Firstly, we have expanded the literature review to include a more in-depth discussion of relevant research. We now emphasize the importance of genotype data in genomics, particularly in studies such as genome-wide association studies (GWAS) and genotype imputation (lines 33-40). Additionally, we extended the review of existing tools and methods for VCF file processing and genotype data analysis, highlighting the challenges and solutions related to handling large-scale datasets (lines 41-53). Furthermore, we discussed the limitations of current methods and tools to provide a solid foundation for FM3VCF’s innovation and contributions (lines 53-67).

By expanding the literature review, we have provided a more robust theoretical context for our research and clearly demonstrated FM3VCF’s unique value and contribution to overcoming the limitations of existing tools.

We believe these revisions significantly strengthen the manuscript and enhance its readability, making the background and methodology sections more coherent and comprehensive. Thank you again for your insightful comments, which have greatly improved the manuscript.

Responses to Reviewer #3

Comment 1:

In Results paragraph (line 22) you wrote:

FM3VCF exhibits a speed improvement of approximately 20-fold in the compression of VCF files to the M3VCF format.

This result was obtained basing on set of experiments, but it is not justified from the analytical analysis of your proposed method. Such analysis should be based on:

(i) workflow of proposed method - you only gave a description expressed in words (lines 88-101) with reference to program code

(ii) complexity analysis of proposed algorithm/approaches

(iii) limitations that can appear in reference to input set, hardware used for test,

Your simulations are not final proofs of obtained results, but they confirm from practical side, what was achieved.

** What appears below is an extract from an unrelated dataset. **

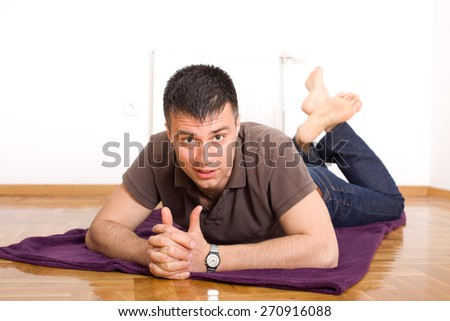 Attractive man lying on the floor on stomach  with legs up and looking at camera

Please expand this including fore theoretical framework.

Response:

Thank you for your valuable feedback, especially regarding the need for a more comprehensive analysis of the experimental results. We greatly appreciate your comments and have made significant revisions to the manuscript to provide more comprehensive analytical support for our experimental findings. The specific revisions are as follows:

We have expanded the description of the proposed method's workflow. Now, we provide a more detailed step-by-step explanation in the following sections: Workflow Optimization Speedup (lines 76-100), Parallel Compression Using pthreads (lines 101-119), and Optimized Reading with Parallel Parsing (lines 120-135). Additionally, we conducted a detailed theoretical analysis and explained the total time savings between zm3vcf and M3VCF (lines 136-137). This analysis highlights the reasons for FM3VCF's superior performance.

Furthermore, we thoroughly analyzed the overall complexity after workflow optimization and multi-threaded compression and parsing (lines 138-151). Focusing on the improvement in the compression step, we further simplified the overall complexity, particularly in the case of multi-threaded compression (lines 152-157). This simplification highlights the primary advantage of multi-threading in the compression step, where distributing the task across multiple threads significantly reduces time complexity. This leads to a substantial increase in overall execution speed, especially as the dataset size increases.

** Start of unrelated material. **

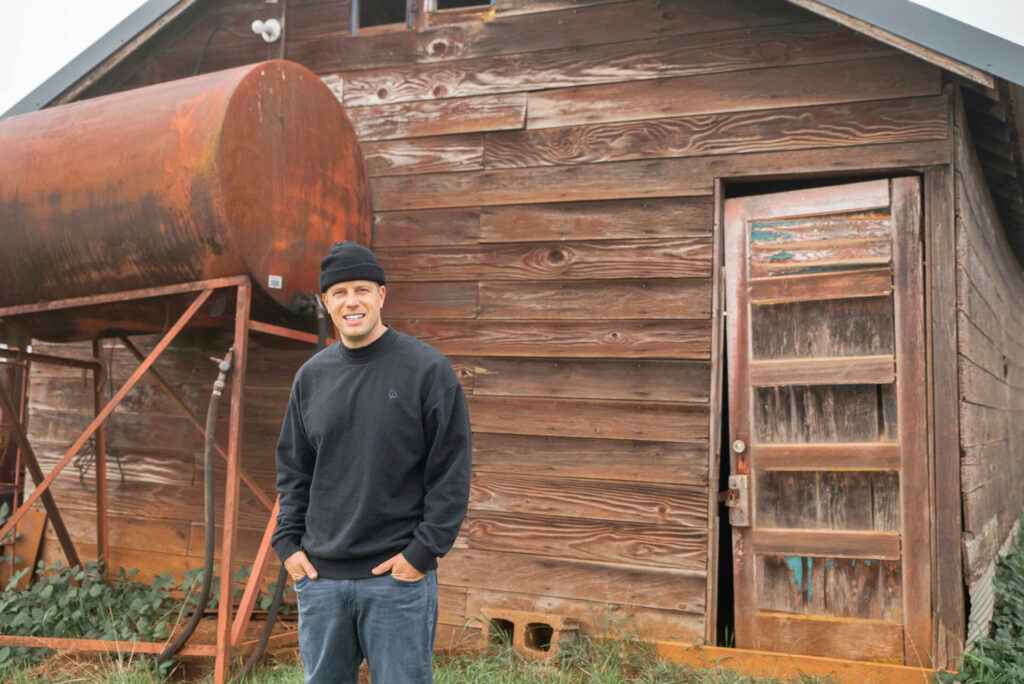 Jim in front of barn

We have introduced Amdahl's Law in the manuscript to explain the theoretical limits of parallelization. This law helps explain the phenomenon where performance gains diminish as the number of threads increases, particularly when non-parallelizable parts of the task (such as I/O operations and certain overheads) begin to dominate. This theoretical framework provides a more comprehensive understanding of the factors affecting performance results (lines 248-280).

We hope that these additions address your concerns regarding the lack of analytical foundation.

Comment 2:

Line 26, there is:

FM3VCF is a powerful tool for both efficiently compressing VCF files and accelerating the loading of large VCF files in genotype data analyse.

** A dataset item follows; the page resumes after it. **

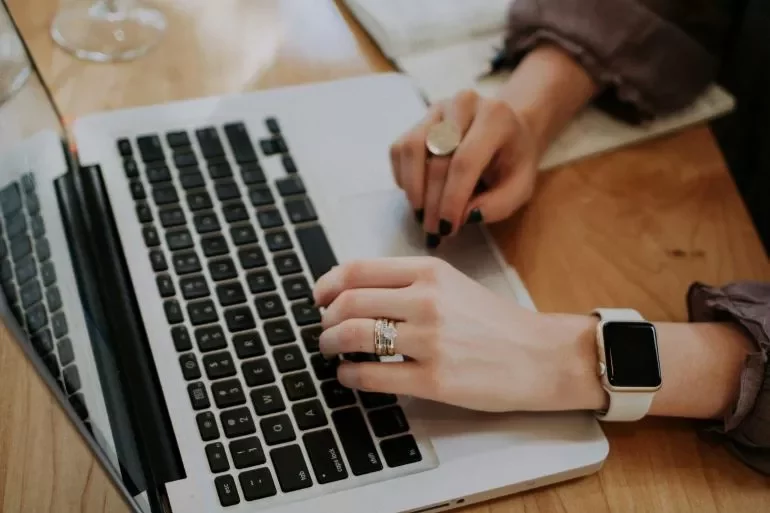 A woman typing on a laptop, wearing a watch on her wrist, focused on her work.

I would prefer not to use such words as 'powerful'; we were able to see the accelaration effects but without analytical proofs that your approach will work for all input data (input cases) such strong statements are not acceptable. I'm not saying that your is wrong or does not work, but this cannot be based only on simulations - see also remark 6.

Response:

We agree with Reviewer #3’s suggestion and have adopted more cautious words. We have replaced the term "powerful" with "effective" to more accurately reflect the performance improvements observed in our experiments (lines 25-26).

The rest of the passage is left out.